Poor Supervision Cited At NY-Run Steam Plant – PREVENTABLE – When the cat’s away or in this case, doesn’t care, the mice will play.  According to a NY State I.G. report, in 2010 the plant manager acknowledged knowing about bedrolls and beer cans on plant premises and did nothing about it.  An unscheduled inspector general’s tour in 2011 showed several rooms used for unauthorized breaks including cigarette butts and inappropriate photographs of women.  There is no excuse for this. As the manager you SET the TONE of the operation.  You need to be out on the floor and walking around the facility while checking in with people and making sure all rules are followed.  Vary your walk routine by the route you take and when, it’ll keep people on their toes.  Remember you were hired to be the responsible leader, if someone is injured due to your neglect you can be prosecuted and go to jail!
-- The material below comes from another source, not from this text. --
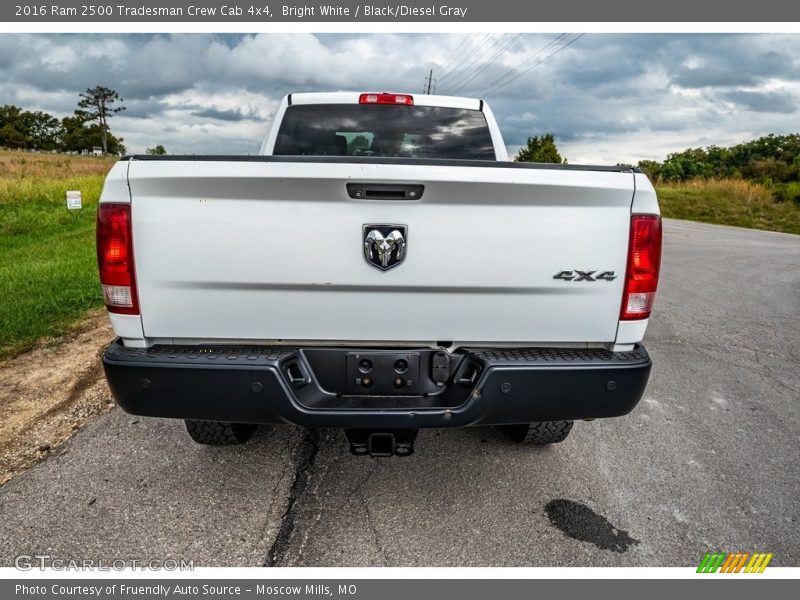 Bright White / Black/Diesel Gray 2016 Ram 2500 Tradesman Crew Cab 4x4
FYI Be prepared for an OSHA inspection before it happens “A memorandum sent to the agency’s regional administrators directs field inspectors, when conducting inspections, to be mindful of whether employers have provided and maintained adequate means of egress from work areas”.  Please make sure your emergency evacuation plans are current and adequate to get everyone out.

That concludes this edition of Companies Behaving Badly.  Remember, safety at the workplace is not just the employers responsibility but YOURS as well.  Don’t let anyone talk you in to doing an unsafe act just to save a few minutes on the job.  it’s just not worth your life or a life time of guilt.  Become a safety advocate and keep your fellow workers thinking safety.